I think that if ledger was a table in db, I suggest put these thress task to one class(e.g DAO).If the ledger has more logic and was not a table in db, I suggest we should create more class to do these tasks(may be two or thress class) and provide a facade class to do simply for customer.

Mark xie
  • 29
  • 1
0

IMHO you shouldn't be using classes at all. There are no data abstractions here. The ledgers are a concrete data type. The methods for manipulating and displaying them are functions and procedures. There will certainly be many commonly used functions to be shared such as formatting a date. There is little place for any data to be abstracted and hidden in a class in the display and selection routines.

There is some case to hide state in a class for ledger editing.

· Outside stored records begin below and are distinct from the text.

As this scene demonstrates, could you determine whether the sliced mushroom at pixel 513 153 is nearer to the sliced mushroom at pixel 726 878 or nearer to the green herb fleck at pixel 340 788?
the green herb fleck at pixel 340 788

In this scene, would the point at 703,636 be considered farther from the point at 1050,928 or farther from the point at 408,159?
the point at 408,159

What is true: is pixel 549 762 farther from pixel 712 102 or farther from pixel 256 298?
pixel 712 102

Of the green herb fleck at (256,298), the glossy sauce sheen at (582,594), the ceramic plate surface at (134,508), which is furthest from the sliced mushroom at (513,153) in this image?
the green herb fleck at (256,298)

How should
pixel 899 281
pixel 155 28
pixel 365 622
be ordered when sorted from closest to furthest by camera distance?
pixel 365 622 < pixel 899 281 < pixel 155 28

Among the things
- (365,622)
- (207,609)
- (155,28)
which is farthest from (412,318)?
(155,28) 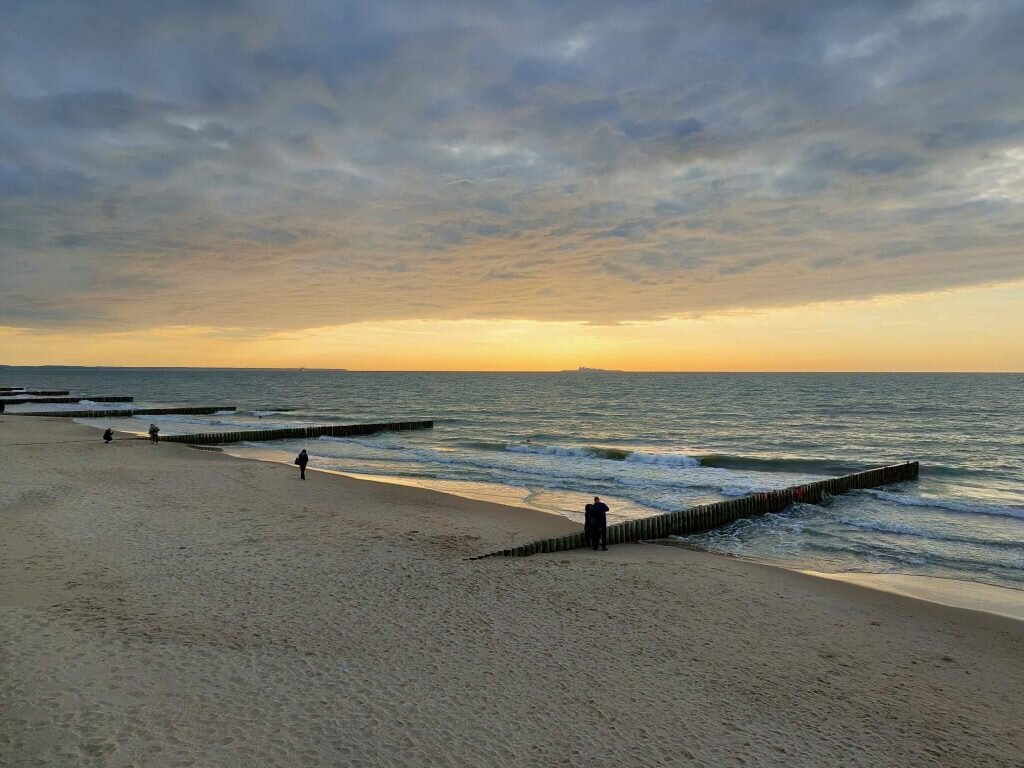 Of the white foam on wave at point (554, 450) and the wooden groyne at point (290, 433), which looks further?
the wooden groyne at point (290, 433)

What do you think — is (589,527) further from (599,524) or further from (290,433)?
(290,433)

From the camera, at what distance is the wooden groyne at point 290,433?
153 feet

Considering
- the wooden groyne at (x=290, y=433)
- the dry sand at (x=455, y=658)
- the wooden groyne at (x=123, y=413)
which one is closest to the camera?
the dry sand at (x=455, y=658)

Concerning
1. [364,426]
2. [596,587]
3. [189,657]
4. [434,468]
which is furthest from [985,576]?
[364,426]

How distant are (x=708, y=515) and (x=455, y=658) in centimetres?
1530

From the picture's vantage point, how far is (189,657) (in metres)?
10.1

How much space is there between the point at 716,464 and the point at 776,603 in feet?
91.4

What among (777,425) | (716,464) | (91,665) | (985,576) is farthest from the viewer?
(777,425)

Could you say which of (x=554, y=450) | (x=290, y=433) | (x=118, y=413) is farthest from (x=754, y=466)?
(x=118, y=413)

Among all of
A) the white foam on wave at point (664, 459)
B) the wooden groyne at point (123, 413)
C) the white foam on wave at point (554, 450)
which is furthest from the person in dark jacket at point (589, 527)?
the wooden groyne at point (123, 413)

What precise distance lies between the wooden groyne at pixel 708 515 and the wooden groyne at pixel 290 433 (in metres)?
35.2

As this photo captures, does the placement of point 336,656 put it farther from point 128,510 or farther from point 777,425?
point 777,425

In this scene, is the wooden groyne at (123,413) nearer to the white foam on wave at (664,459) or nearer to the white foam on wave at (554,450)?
the white foam on wave at (554,450)

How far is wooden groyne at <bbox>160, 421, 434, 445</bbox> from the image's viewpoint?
153ft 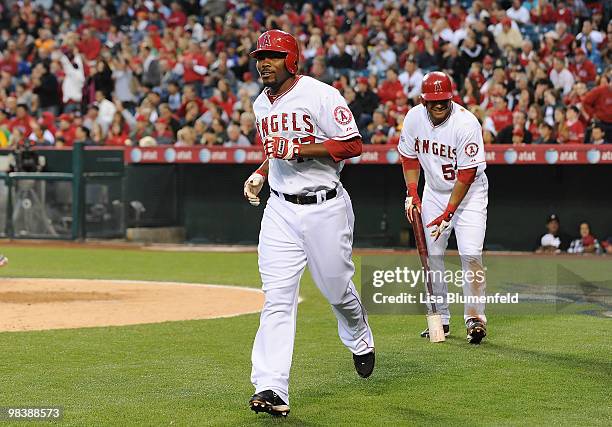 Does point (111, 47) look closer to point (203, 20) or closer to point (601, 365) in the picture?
point (203, 20)

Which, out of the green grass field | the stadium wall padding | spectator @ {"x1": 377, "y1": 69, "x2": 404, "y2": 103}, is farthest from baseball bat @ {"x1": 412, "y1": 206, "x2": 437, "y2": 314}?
spectator @ {"x1": 377, "y1": 69, "x2": 404, "y2": 103}

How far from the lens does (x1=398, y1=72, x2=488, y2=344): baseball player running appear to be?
915 cm

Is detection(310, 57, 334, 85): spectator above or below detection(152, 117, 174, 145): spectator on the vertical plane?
above

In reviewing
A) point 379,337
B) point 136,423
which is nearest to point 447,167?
point 379,337

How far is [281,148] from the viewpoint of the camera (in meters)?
6.61

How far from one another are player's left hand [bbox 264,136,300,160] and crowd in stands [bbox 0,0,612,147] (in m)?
11.5

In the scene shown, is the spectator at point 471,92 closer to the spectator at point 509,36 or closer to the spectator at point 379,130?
the spectator at point 379,130

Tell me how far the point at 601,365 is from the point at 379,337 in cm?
207

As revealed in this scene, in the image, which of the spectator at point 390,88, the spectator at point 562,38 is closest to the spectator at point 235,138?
the spectator at point 390,88

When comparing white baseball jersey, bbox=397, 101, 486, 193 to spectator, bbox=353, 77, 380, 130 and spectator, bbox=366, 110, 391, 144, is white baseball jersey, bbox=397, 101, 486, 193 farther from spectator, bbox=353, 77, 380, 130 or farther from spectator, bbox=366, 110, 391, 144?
spectator, bbox=353, 77, 380, 130

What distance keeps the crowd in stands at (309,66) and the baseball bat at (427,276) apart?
840 cm

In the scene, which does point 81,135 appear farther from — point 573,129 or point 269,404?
point 269,404

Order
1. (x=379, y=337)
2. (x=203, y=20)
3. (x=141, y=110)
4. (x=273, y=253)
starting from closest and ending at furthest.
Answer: (x=273, y=253)
(x=379, y=337)
(x=141, y=110)
(x=203, y=20)

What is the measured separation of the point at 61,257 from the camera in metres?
17.9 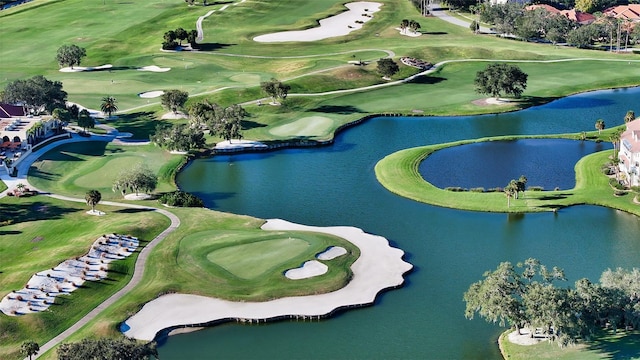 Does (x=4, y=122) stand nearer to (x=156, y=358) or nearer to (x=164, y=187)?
(x=164, y=187)

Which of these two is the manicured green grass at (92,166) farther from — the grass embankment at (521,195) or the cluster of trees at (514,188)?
the cluster of trees at (514,188)

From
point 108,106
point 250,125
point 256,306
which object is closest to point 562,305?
point 256,306

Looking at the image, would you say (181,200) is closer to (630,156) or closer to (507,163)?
(507,163)

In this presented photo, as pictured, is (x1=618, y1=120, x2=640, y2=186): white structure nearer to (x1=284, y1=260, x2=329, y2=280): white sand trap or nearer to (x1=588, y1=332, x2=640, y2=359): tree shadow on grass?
(x1=588, y1=332, x2=640, y2=359): tree shadow on grass

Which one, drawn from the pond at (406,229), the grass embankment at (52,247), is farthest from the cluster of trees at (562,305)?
the grass embankment at (52,247)

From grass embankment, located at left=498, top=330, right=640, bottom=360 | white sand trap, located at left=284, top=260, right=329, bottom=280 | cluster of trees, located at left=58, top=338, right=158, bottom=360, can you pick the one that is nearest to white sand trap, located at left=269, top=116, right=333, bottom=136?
white sand trap, located at left=284, top=260, right=329, bottom=280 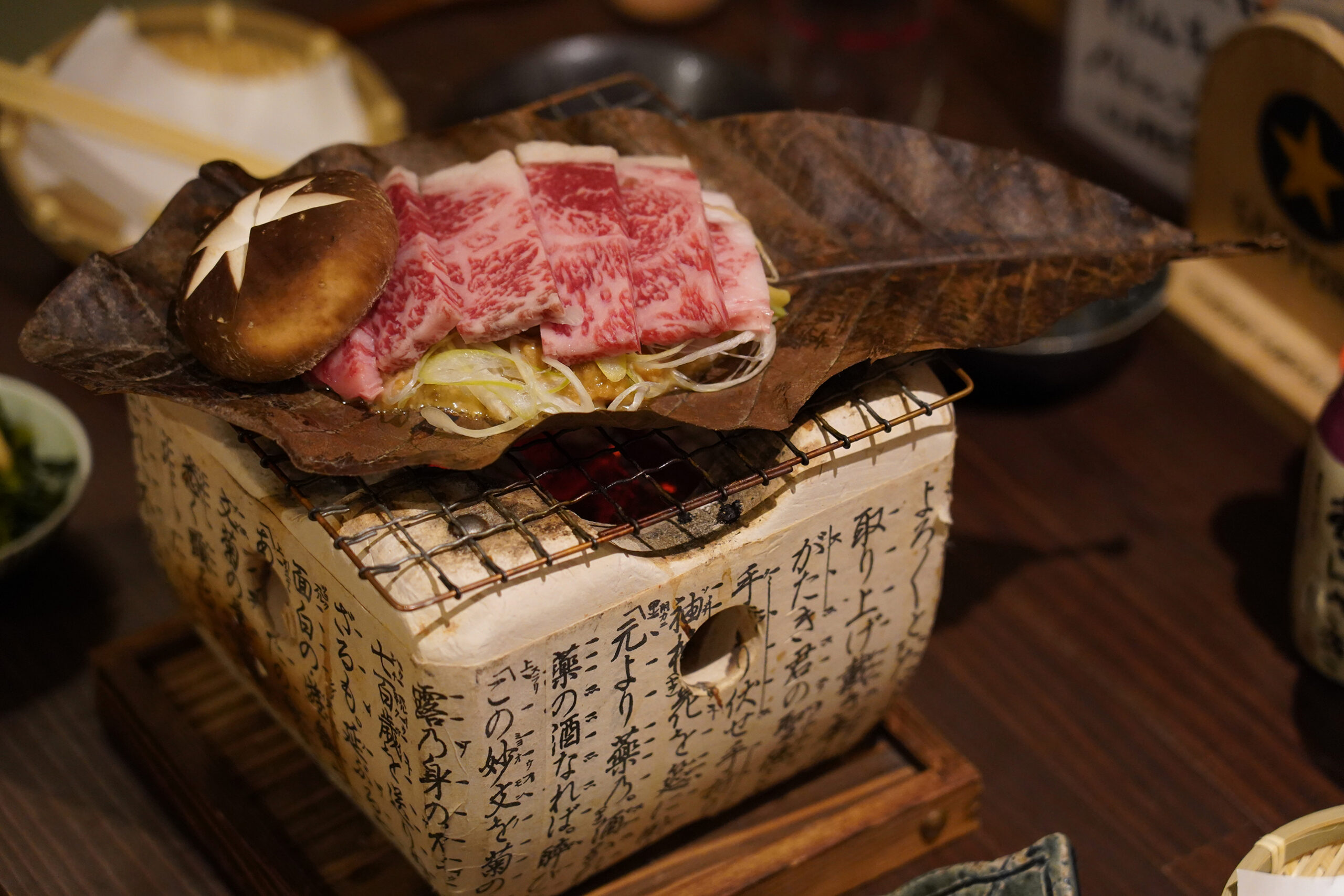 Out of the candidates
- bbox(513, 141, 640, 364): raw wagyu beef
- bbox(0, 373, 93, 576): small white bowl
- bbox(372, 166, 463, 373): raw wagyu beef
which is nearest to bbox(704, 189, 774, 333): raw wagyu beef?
bbox(513, 141, 640, 364): raw wagyu beef

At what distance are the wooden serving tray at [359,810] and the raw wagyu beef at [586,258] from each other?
849mm

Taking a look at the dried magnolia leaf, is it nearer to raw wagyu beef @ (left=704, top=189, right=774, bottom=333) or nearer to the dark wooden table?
raw wagyu beef @ (left=704, top=189, right=774, bottom=333)

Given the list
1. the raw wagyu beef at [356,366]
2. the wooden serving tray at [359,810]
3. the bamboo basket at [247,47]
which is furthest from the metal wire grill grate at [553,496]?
the bamboo basket at [247,47]

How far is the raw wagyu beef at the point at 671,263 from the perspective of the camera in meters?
1.68

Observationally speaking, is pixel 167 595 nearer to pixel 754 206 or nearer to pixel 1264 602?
pixel 754 206

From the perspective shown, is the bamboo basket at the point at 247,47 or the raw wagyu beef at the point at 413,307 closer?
the raw wagyu beef at the point at 413,307

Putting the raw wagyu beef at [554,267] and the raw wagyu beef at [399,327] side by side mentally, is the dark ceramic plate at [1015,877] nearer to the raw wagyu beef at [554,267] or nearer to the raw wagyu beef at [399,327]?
the raw wagyu beef at [554,267]

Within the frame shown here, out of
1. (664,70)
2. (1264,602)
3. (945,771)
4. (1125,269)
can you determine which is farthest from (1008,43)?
(945,771)

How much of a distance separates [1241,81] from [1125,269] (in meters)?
1.07

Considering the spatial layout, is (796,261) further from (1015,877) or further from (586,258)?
(1015,877)

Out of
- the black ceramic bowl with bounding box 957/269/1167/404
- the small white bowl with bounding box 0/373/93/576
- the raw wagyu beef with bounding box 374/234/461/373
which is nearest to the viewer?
the raw wagyu beef with bounding box 374/234/461/373

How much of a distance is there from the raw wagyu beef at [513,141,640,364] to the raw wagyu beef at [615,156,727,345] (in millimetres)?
28

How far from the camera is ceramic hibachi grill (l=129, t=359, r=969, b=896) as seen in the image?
150 centimetres

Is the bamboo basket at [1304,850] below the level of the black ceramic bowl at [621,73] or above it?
below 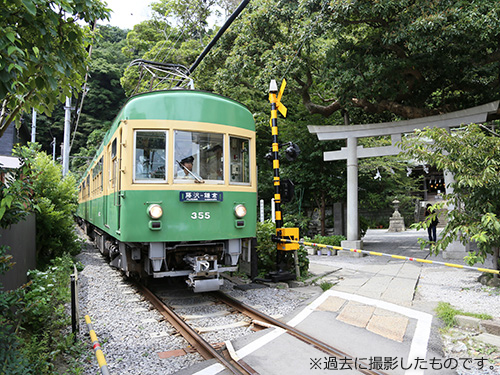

Whether or not you're abusing the SRP, you're abusing something more fundamental: you're overusing abstraction. It's a typical problem, engendered by the mythical notion OO is a sane development paradigm.

Programming is 90% concrete: use of data abstraction should be rare and carefully engineered. Functional abstraction, on the other hand should be more common, since language details and choice of algorithms need to be separated from the semantics of the operation.

Yttrill
  • 727
-1

You only need one class, and the single responsibility of that class is to manage ledgers.